Generate it for yourself! Run:

mrxl frontends/mrxl/test/sos.mrxl

Simulating our example with Verilog

Finally, let us go the whole hog: we compile our MrXL program to Calyx, compile it to Verilog, then simulate it using Verilator.

Run:

mrxl --convert --data frontends/mrxl/test/sos.mrxl.data frontends/mrxl/test/sos.mrxl > sos.data
fud2 --from mrxl frontends/mrxl/test/sos.mrxl --to dat --through verilator -s sim.data=sos.data

The above commands take a MrXL program, sos.mrxl, and generates results with Verilator using the MrXL data file sos.mrxl.data.

Compiling MrXL into Calyx

Calyx is an infrastructure for designing domain-specific languages (DSL) which can generate efficient hardware. The rest of the tutorial will show you how to implement such a DSL by studying the MrXL-to-Calyx compiler, written in Python.

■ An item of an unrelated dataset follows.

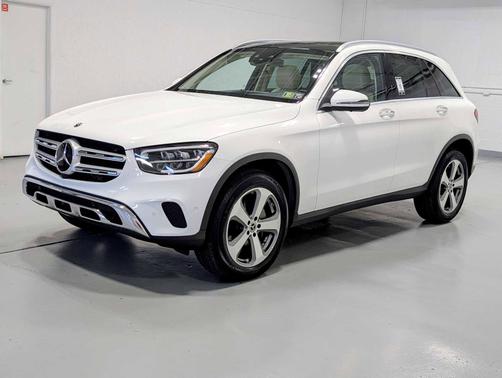 2021 Mercedes-Benz GLC 300 4MATIC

We have placed a few simplifying restrictions on MrXL programs:

Every array in a MrXL program has the same length.
Every integer in our generated hardware is 32 bits long.
The bodies of map and reduce operations must be binary + or * operations involving array elements or integers.
If repeated map/reduce operations are performed on the same array, each of those operations must have the same parallelism factor.
All reduce operations must be performed sequentially, i.e., with parallelism factor 1.

These restrictions can be lifted or relaxed via commensurate changes to the compiler.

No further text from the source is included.